Rock-paper-scissors is a schoolyard game/universal bar-tab-settler that theoretically relies on chance. After all, each person in the game plays one of three hands at random each time. Right?

Wrong! Scientists at China’s Zhejiang University just released the results of the first large-scale study of the game — and they found that player behavior typically follows a predictable pattern. It goes something like this:

People start by picking each variable (rock, paper or scissors) about one-third of the time. You can’t really game this stage. BUT after the first round:

  • If a player wins, he will usually stick with the same play.
  • If a player loses, he will usually switch actions in “a clockwise direction”: rock changes to paper, paper to scissors, scissors to rock.

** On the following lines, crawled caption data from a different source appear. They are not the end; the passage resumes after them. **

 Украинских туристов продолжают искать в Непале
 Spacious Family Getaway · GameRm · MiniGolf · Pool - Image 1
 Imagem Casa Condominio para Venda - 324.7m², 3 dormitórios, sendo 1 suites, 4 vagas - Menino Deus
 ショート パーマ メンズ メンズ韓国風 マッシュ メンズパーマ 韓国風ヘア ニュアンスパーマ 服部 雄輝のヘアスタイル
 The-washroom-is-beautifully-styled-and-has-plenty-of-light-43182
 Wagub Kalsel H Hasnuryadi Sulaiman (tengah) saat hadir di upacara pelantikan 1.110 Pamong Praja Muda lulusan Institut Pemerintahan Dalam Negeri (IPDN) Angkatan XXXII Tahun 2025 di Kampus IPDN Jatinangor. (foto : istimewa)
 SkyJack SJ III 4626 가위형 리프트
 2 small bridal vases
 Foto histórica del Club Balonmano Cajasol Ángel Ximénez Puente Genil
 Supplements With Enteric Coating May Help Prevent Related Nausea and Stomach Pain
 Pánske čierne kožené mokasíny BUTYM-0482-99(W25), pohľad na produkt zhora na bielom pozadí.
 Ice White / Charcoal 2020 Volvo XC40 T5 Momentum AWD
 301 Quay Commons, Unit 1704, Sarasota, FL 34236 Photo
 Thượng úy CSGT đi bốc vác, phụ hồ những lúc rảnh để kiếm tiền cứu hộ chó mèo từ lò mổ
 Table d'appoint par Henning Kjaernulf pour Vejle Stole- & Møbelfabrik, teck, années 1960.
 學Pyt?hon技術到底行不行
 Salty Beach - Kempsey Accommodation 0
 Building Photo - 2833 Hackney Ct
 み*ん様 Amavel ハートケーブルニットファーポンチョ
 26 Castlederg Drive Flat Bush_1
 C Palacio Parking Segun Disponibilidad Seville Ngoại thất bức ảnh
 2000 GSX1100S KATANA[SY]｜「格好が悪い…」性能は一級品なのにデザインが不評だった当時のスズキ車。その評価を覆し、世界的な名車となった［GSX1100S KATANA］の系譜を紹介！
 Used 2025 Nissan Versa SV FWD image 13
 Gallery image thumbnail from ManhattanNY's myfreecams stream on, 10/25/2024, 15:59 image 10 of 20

This is simple, but a little hard to envision — so let’s try an example. Say I am playing three rounds of rock-paper-scissors with my cubemate Emily.

Round 1: Emily plays paper, I play rock. She wins.
Round 2: Emily plays paper, I switch to paper. We draw.
Round 3: Emily plays scissors, I switch to scissors. Another draw! I lose.

But if I had kept the probabilities from this Zhejiang University study in mind, I could have changed my gameplay like so:

Round 1: Emily plays paper, I play rock. She wins.
Round 2: Emily plays paper, I switch to scissors. I win.
Round 3: Emily switches to scissors, I switch to rock. I win again!

You can thank game theory for your improved rock-paper-scissors game. Researchers previously believed the game operated according to a game theory tenet called “the Nash equilibrium” — basically, the idea that people will chose each of the three options equally over time. But studied on a larger scale, it appears play follows a cyclical pattern — which means sneaky players can use “conditional response,” a reaction to a specific stimulus, in order to optimize their records.

That has fascinating implications not only for your next bet, but for human psychology.

“Whether conditional response is a basic decision-making mechanism of the human brain or just a consequence of more fundamental neural mechanisms is a challenging question for future studies,” the Zhejiang researchers conclude.

Almost as challenging as losing a rock-paper-scissors game now … amirite?